Hoch erfreuen konnten wir schließlich noch Jonte, der sich einen Rugby-Sportrollstuhl gewünscht hatte. Und diesen Wunsch konnten wir ihm bei der Übergabe dessen in Achim bei Bremen erfüllen. In einer barrierefreien Sporthalle konnte Jonte ihn gleich sportlichst testen. Und ich sage Ihnen, bei diesen Spielen von behinderten und nichtbehinderten Menschen geht es aber sowas von zur Sache. Klar, dass da jeder Rollstuhl individuell angepasst werden muss und das hat seinen Preis, 11.000 Euro. Klar ist desgleichen: Der Riesen-Wunsch von Jonte wird ihm nachhaltig helfen. So soll es sein.
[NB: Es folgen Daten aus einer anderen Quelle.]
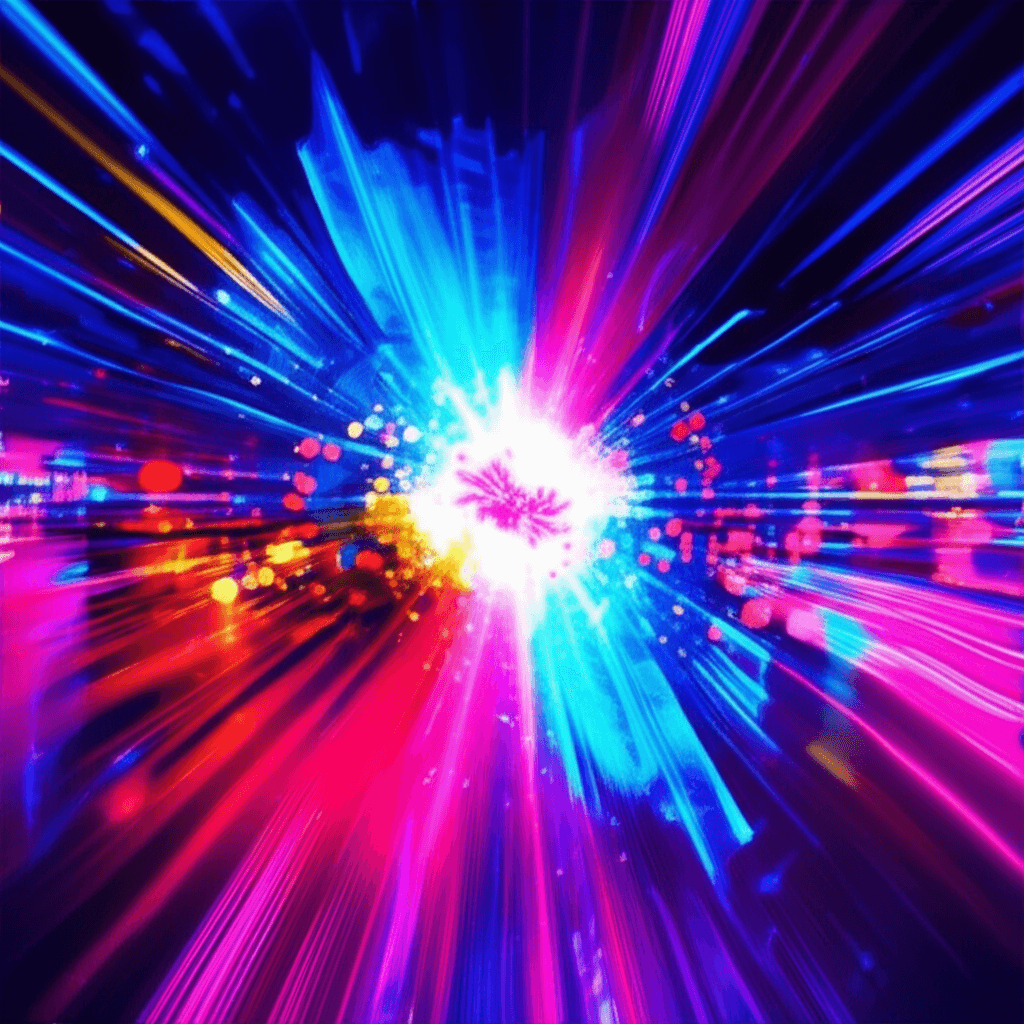 Neon Confetti Night 1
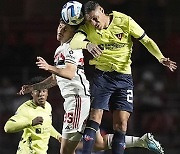 Brazil Ecuador Soccer Copa Sudamericana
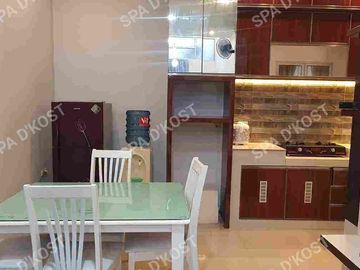 Disewakan rumah kontrakan Bulanan Tipe 65 Deluxe Full Perabotan Di Pekanbaru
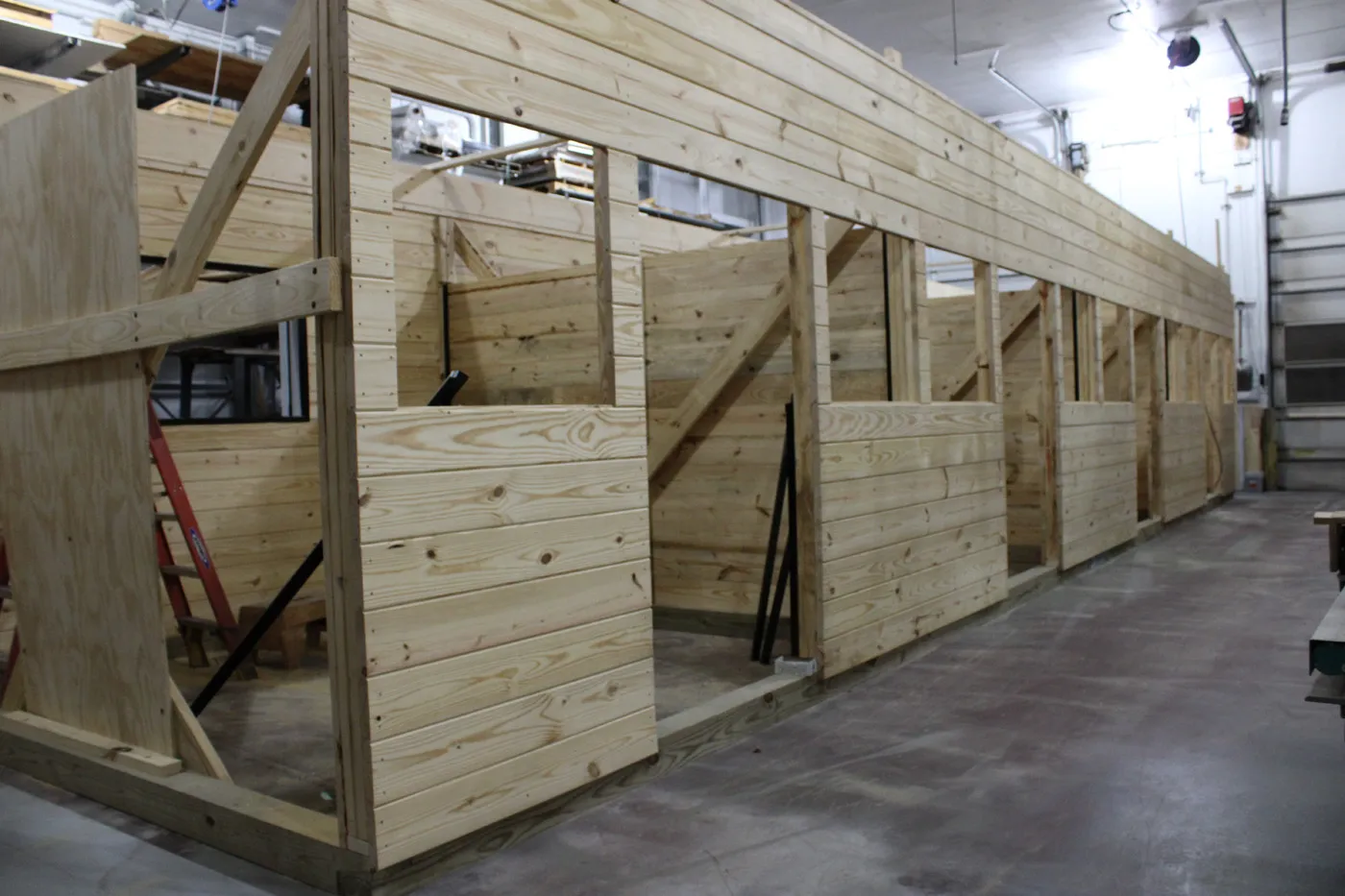 high country modular barn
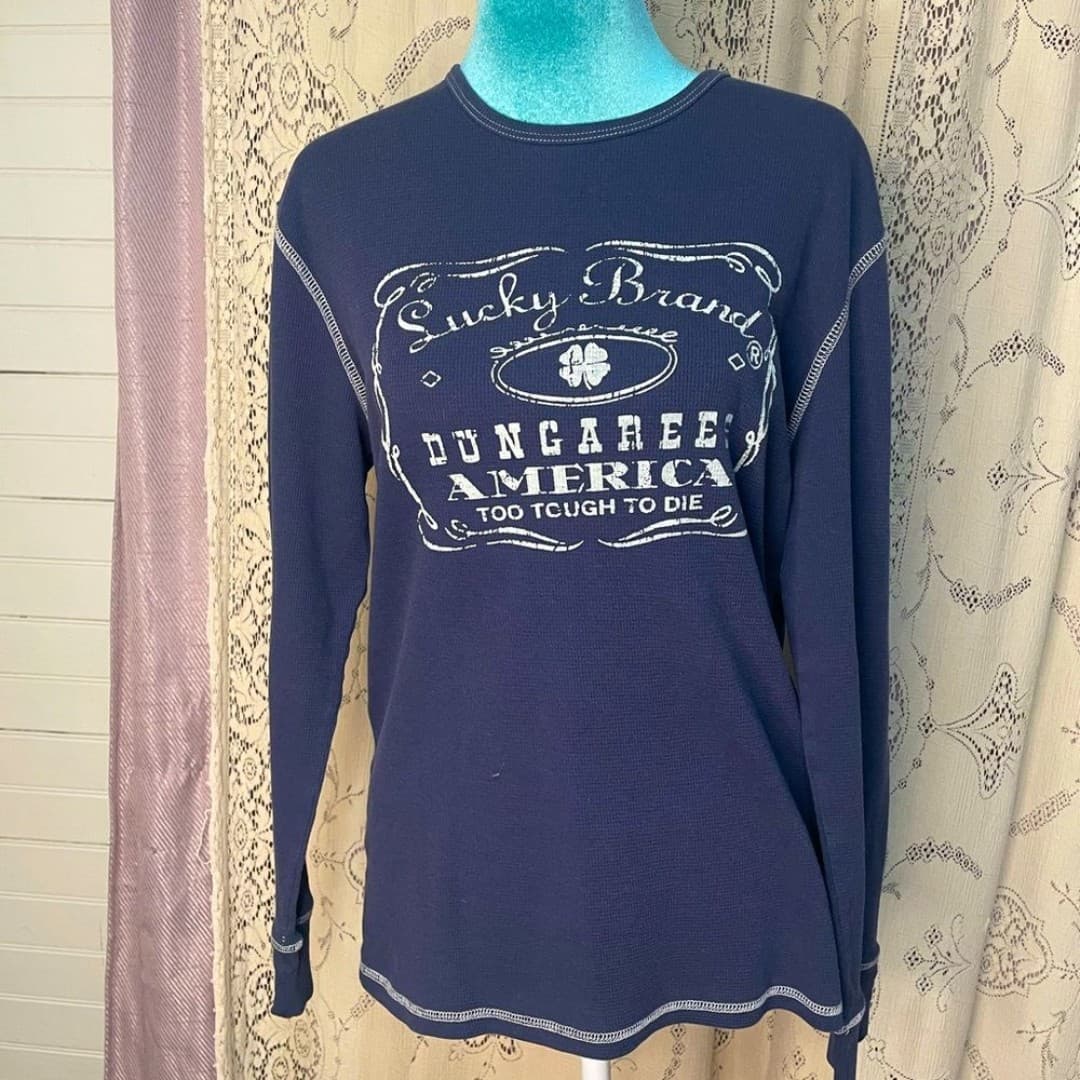 Lucky brand: casual long sleeve - Image 1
Ich wünsche Ihnen ein besinnliches Weihnachtsfest und einen gelassenen Rutsch ins Neue Jahr

Ihre Ute

 

Picture of Ute Friese

Ute Friese

Ich studierte Lehramt und erfuhr nach dem zweiten Staatsexamen, dass es in den kommenden drei Jahren einen Einstellungsstopp für Lehrer geben würde. Als Texterin startete ich meine berufliche Laufbahn daher in einer Agentur für Sozialmarketing und war dort bis zur Geburt meiner Tochter 1996 mit dem Fundraising und der Öffentlichkeitsarbeit für wohltätige Organisationen betreut. Nach dem Erziehungsurlaub beschloss ich 1998 daheim im Arbeitszimmer meine eigene gemeinnützige Organisation zu gründen: Aktion Kindertraum war geboren!